AF447 Airbus 330 Control Systems
[info]alexweir1949 wrote:
Wednesday, 10 June 2009 at 12:20 pm (UTC)
AF447 Airbus 330 Control Systems

Calculations and algorithms correlating Groundspeed (from GPS), Airspeed (from Pitot Sensors), instantaneous Fuel Consumption (from instruments), and Altitude changes (again from GPS and/or sensors) should be able to indicate whether or not the Pitot Sensors are accurate, and possibly they could provide an airspeed recalibration estimate which might at least get the plane back to base or to its destination without crashing.

Such a mini-system or system patch could be described as a Heath Robinson measure but it might alert pilots and ground control to the existence and/or development of problems and it might also save lives.

Mr Alex Weir (ex-Rolls Royce Aero Engines), Mechanical Engineer and Software Developer, Harare, Zimbabwe


Re: AF447 Airbus 330 Control Systems
[info]nablat wrote:
Thursday, 11 June 2009 at 02:05 am (UTC)
You are solving the wrong problem, I fear. The relative speed of *aircraft and surrounding air* is the critical number, this determines if the plane will stall (or go too fast for its airframe - see coffin corner link above). What you suggested may tell you the speed relative to a fixed location (satellites-earth) but that is fairly useless apart from telling you your ETA, the local/envelope airspeed is the critical thing in any aerodynamically lifted object and one which may vary +-100mph in moments when flying though turbulence (which is not always visible to radar I might add).
How could it be weather if planes fly above clouds?
[info]alimabrouk wrote:
Wednesday, 10 June 2009 at 12:33 pm (UTC)
Is there bad weather above the clouds?
Re: How could it be weather if planes fly above clouds?
[info]shergar999 wrote:
Wednesday, 10 June 2009 at 03:04 pm (UTC)
Who said they do?
Re: How could it be weather if planes fly above clouds?
[info]alimabrouk wrote:
Thursday, 11 June 2009 at 08:26 am (UTC)
They usually do.
GPS
[info]freedommonger wrote:
Wednesday, 10 June 2009 at 06:27 pm (UTC)
As a cruise missile knows its location incl height within a metre or so using the global GPS system and as I can buy a civilian one for a few hundred qwuid that is 10m accurate why dont aircraft have GPS secondary speed monitoring capability then at least they would know ground speed or wouldnt this have helped? In general, is the pitot tube the only technology for measurring air speed? It seems odd if its so crucial to rely on only one tech.
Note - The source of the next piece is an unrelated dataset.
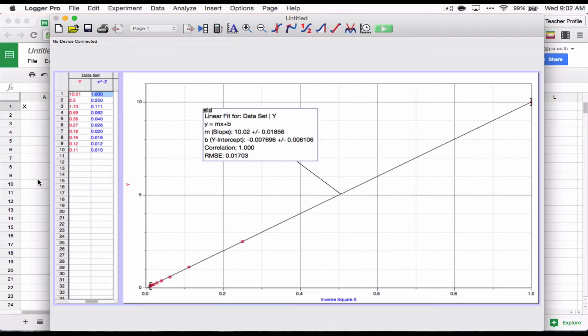Hi everybody. So last video in this LoggerPro and graphing series, we talked about how to make the line of best fit and also how to linearize your data. And we looked at the simplest way to do that.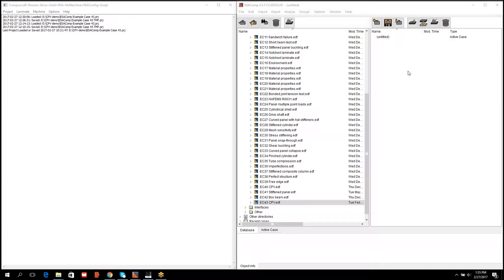Now we move to the ESACOMP software. The process is started by specifying materials. The most convenient way is to use a project-specific template file. For this demonstration I will use the file that comes with the ESACOMP installation.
Also, why doesnt the black box data get streamed up in real time via a sattelite phone to the airlines control centre? Sort of like F1 cars have their telemetry constantly monitored.

Neither of these ideas seem very expensive.
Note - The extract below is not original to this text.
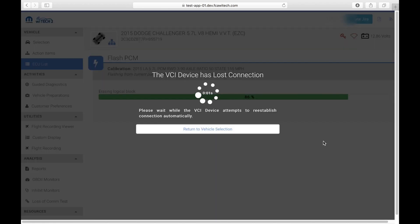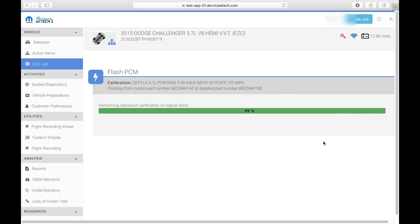When the VCI loses communication to the network, a message stating that the VCI has lost connection will be displayed. If communication is re-established with the VCI, then YTEK 2.0 will automatically reconnect and continue to show the user the current flash status of the ECU.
Oh, and while I write, why not two black boxes, one that is ejected before impact and floats, one that stays with the wreckage and sinks?
[info]tap_code wrote:
Thursday, 11 June 2009 at 11:35 am (UTC)
What I find so strange is that their was no pan pan pan or mayday warning received from the Aircraft;whatever happened happened very quickly indeed.

Until the flight recorders are found we can only speculate.


The shamefaced Brazilian authorities
[info]tominlondon wrote:
Thursday, 11 June 2009 at 01:31 pm (UTC)
How do you know they were "shamefaced"? Did you see their faces?

This article is presented as a summary of what's known, but is nothing more than completely unfounded speculation.

At the moment nobody knows whether or not the pitot heads had anything to do with it.

At the moment, nobody actually knows anything.
planes need a better black box system
[info]nyc863 wrote:
Tuesday, 16 June 2009 at 12:15 am (UTC)
Since you can buy an inexpensive device that can transmit a data stream continuously to the internet via a constellation of satellites or geo-stationary satellite anywhere on earth (think sat phone), it seems sensible that black boxes start to transmit their vital data in real time, at least the highlights, so this ridiculous endless search for the all-important black box becomes a thing of the past.

If there isn't capacity then spend a bit of money devoted to some arcane military satellite to allow this. Even a 56kbit data stream would be far more info than required to piece together almost any accident and very quickly as well. Even CVRs could be compressed and sent up as well.